Pour parvenir à ces fins, la France devait céder à l'Allemagne le bassin minier de Briey, le territoire et la ville de Belfort, ainsi que la côte de la mer du Nord entre Dunkerque et Boulogne. Elle devrait en outre démanteler ses forts situés à l'ouest des Vosges. Après sa défaite militaire (qui ne faisait alors aucun doute), elle serait contrainte de signer un traité qui, une fois l'indemnité payée, la mettrait sous dépendance de l'Allemagne. La Belgique cèderait Liège et Verviers ; elle serait vassalisée, tandis que le Luxembourg, agrandi de sa partie belge et de Longwy, serait annexé par le Reich. Les Pays-Bas seraient placés sous la dépendance de l'Allemagne, mais en prenant certaines précautions, étant donné le caractère "indépendant" du peuple hollandais.

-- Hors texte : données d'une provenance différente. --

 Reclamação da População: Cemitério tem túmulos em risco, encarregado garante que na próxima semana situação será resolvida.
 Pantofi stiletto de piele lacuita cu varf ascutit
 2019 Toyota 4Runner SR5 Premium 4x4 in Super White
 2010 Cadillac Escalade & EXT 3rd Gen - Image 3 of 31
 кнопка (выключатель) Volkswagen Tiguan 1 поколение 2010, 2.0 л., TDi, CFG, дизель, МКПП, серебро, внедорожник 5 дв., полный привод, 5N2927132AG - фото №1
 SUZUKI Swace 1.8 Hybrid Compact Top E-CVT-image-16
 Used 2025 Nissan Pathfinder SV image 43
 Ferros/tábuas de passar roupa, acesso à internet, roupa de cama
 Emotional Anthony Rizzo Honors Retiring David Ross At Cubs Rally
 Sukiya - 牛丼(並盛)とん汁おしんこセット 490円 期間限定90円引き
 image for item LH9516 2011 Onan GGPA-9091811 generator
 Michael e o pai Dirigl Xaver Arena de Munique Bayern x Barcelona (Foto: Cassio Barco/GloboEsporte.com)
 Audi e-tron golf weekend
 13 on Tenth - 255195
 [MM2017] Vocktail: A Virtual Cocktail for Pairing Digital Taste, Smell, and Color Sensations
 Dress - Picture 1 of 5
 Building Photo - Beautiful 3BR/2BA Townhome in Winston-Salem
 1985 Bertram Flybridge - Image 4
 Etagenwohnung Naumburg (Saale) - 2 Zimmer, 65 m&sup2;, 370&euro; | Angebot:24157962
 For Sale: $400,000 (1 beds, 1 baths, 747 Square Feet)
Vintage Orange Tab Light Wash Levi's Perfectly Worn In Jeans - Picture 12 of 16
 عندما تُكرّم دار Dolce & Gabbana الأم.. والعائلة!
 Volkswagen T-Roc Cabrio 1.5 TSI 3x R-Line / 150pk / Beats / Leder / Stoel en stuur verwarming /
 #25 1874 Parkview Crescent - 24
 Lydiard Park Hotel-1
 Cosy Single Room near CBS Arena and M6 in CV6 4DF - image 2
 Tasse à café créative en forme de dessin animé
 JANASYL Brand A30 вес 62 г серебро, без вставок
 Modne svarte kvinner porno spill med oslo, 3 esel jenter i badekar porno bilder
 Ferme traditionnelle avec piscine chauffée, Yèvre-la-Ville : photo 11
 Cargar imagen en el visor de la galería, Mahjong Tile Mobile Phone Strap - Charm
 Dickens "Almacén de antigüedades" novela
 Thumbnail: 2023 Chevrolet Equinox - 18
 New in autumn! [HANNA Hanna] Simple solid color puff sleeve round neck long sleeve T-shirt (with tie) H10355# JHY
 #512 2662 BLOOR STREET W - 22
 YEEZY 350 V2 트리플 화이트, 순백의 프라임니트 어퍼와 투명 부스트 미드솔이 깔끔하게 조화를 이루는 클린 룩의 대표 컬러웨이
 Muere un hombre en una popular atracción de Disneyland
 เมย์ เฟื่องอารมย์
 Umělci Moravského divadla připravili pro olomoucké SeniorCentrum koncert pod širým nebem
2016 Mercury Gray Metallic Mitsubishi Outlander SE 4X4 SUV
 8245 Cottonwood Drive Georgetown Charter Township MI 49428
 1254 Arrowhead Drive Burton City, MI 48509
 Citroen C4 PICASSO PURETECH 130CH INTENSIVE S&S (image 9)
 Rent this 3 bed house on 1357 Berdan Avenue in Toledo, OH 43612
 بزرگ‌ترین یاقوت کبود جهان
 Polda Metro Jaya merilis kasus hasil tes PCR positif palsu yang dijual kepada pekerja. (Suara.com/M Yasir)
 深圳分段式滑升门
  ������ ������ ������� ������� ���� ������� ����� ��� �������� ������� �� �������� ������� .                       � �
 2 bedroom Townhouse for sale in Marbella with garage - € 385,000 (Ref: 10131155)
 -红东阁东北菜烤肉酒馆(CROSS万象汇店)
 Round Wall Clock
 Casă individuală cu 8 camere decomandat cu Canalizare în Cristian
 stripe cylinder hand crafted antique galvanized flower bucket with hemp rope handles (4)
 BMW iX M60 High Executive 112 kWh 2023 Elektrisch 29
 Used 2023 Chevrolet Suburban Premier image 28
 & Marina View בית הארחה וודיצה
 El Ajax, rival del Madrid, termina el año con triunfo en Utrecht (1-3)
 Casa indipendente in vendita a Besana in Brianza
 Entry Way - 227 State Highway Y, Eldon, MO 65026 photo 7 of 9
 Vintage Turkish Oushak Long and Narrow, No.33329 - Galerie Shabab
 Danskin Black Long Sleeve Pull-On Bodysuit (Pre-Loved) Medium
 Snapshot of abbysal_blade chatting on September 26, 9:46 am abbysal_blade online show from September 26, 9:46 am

Une association économique de l'Europe moyenne (la "Mitteleuropa", rassemblant la Scandinavie, la France, l'Autriche-Hongrie, la Pologne, etc.) serait créée sous le contrôle de l'Allemagne.
Ce programme ne comprenait qu'une partie des buts de guerre de l'Allemagne. Il correspondait pourtant d'assez près aux exigences des milieux pangermanistes qui réclamaient, en outre, l'annexion de Toulon. De son côté, la grande industrie voulait pouvoir bénéficier de la ligne de la Meuse et de son potentiel économique, y compris de l'intégralité des départements de la Meuse et de la Haute-Saône.
Guillaume II ajoutait à ces buts déjà ambitieux (pour ne pas dire arrogants) le projet personnel que les régions annexées devraient "être vidées de leur population", afin d'assurer une meilleure mainmise allemande, ainsi que l'installation d'un nouveau pouvoir et d'une administration aux ordres de Berlin.
Avec ces buts de guerre, l'Allemagne souhaitait régler ses comptes avec la France. Elle y tenait également compte des passions anglophobes de la marine impériale. Celle-ci était en effet soucieuse d'obtenir le maximum d'avantages à l'ouest, pour faire pièce au Royaume-Uni, considéré comme l'ennemi principal. En contrôlant toute la côte de la mer du Nord, la marine impériale pourrait tenir sous sa menace directe les côtes sud-est de l'Angleterre, le Pas de Calais, ainsi que l'estuaire de la Tamise. Cela pourrait porter un coup fatal à l'économie britannique, ainsi qu'à la suprématie de la Royal Navy.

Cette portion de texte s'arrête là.